Inserito da on ottobre 4 – 09:00 | 421 visite

U2_cover_album_Songs_of_Innocence_defPer chi già conosce ed ha letto i miei articoli, sa che partono sempre da riflessioni personali, da mie impressioni e da quelle che mi sembra di cogliere leggendo i commenti di altri fan degli U2. Noi fan degli U2 siamo un popolo, una “famiglia” vastissima, sparsa in tutto il mondo e di età diverse, tenendo conto che loro, i nostri quattro U2, hanno alle spalle più di trent’anni di carriera. Ad ogni loro nuovo album, tour o intervista, c’è chi, fan e non, ha da dire la sua, nel bene e nel male, anzi, spesso più nel male che nel bene. Eppure i veri fan amano questa band completamente, vivono nelle loro canzoni, quasi come a calarsi nella parte, riconoscendosi nel contesto, in un preciso stato d’animo che Bono sa cogliere scavando nel profondo dell’anima. Dai primi album all’ultimissimo Songs of Innocence, c’è chi dice di amare, odiare, provare indifferenza per una o l’altra canzone, chi valuta un disco soppesando la presenza o meno di uno strumento piuttosto che un altro, chi dice che dopo Achtung Baby gli U2 non siano più loro, chi addirittura afferma che si siano fermati a War. Tutto questo credo sia solo uno dei tanti modi di interpretare soggettivamente la musica. Anche noi fan cambiamo look, cresciamo, invecchiamo, ingrassiamo, dimagriamo. Osservando però con un po’ di distacco noi popolo degli U2 noto che ciò che critichiamo lo amiamo con il senno di poi, a distanza di anni..in questi giorni di ottobre ho letto tanti riferimenti positivi ad October, che richiama perfettamente l’atmosfera e i colori della stagione appena iniziata, ma che risale al 1981 e che è ormai parte della storia.
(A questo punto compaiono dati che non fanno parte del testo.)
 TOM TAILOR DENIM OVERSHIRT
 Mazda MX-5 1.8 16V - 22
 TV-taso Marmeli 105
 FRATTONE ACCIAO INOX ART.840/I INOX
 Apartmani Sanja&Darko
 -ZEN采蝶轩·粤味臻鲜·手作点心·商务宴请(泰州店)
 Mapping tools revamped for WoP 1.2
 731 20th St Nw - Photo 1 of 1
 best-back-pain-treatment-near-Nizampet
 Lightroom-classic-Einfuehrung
I riferimenti agli U2 sono quotidiani per molti di noi che cercano nella musica un altro modo, più intimo, per esprimere se stessi: non importa quale sia la canzone che scegliamo per iniziare la giornata o quella per concluderla, la scelta ricade sempre su di oro, sui quattro personaggi che ci hanno conquistato in tempi e modi diversi, ma che fanno parte della nostra vita.
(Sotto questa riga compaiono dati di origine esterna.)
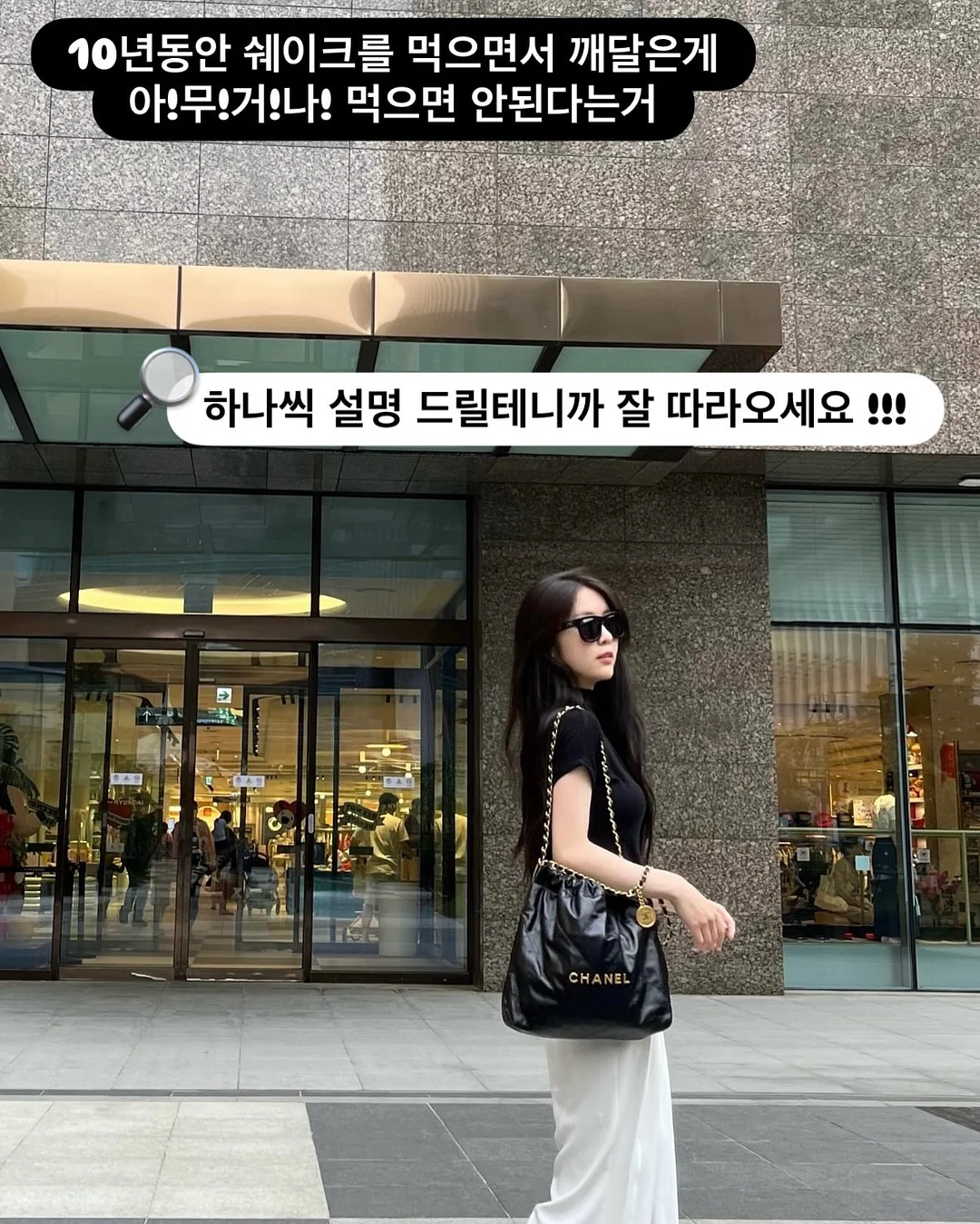 참나무 표고버섯 2키로 7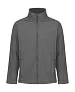  Uproar Softshell Jacket - Regatta Professional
Songs of Innocence ha già fatto parlare molto di sé, è stato accolto con le solite critiche con cui siamo abituati ad accogliere album come The Unforgettable Fire o Pop. Mi chiedo perché ci sia l’abitudine di “rivalutare” a posteriori qualcosa, piuttosto che valutarlo subito, quando viene alla luce, nel momento in cui è il “presente” e non il “passato”. Chi è “puro” nell’ascolto della musica (senza pregiudizi o contaminazioni), non sa farne critiche, ma sa dire se gli piace oppure no, sa decidere se continuare nell’ascolto o cambiare, così, in modo istintivo.
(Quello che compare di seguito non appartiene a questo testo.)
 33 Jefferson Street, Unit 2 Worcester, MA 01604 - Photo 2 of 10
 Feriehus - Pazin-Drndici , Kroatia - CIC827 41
Songs of Innocence parla degli U2, di ciò che erano e che sono ora; parla di ciò che loro stessi hanno voluto condividere con chi li ascolta, tutti, fan e non. Hanno messo a nudo il loro stato di uomini adulti per ritrovare l’innocenza che è tipica dei bambini. Dai testi delle canzoni all’immagine in copertina, tutto segue questo filo logico, ma gli U2 lo fanno con un’attenzione ed una sensibilità unica, tipicamente loro, al fine di creare un’intimità a cui difficilmente l’essere umano è disposto ad arrivare con un altro essere umano. La foto di Larry che abbraccia suo figlio, bellissima e toccante, non ha bisogno di parole, di interpretazioni, talmente è forte il sentimento che riesce a trasmettere. Penso che gli U2 non abbiano bisogno di spiegazioni o interpretazioni, fanno musica e la sanno fare bene, in modo pulito e forte, senza aver paura di mettersi in gioco, mai.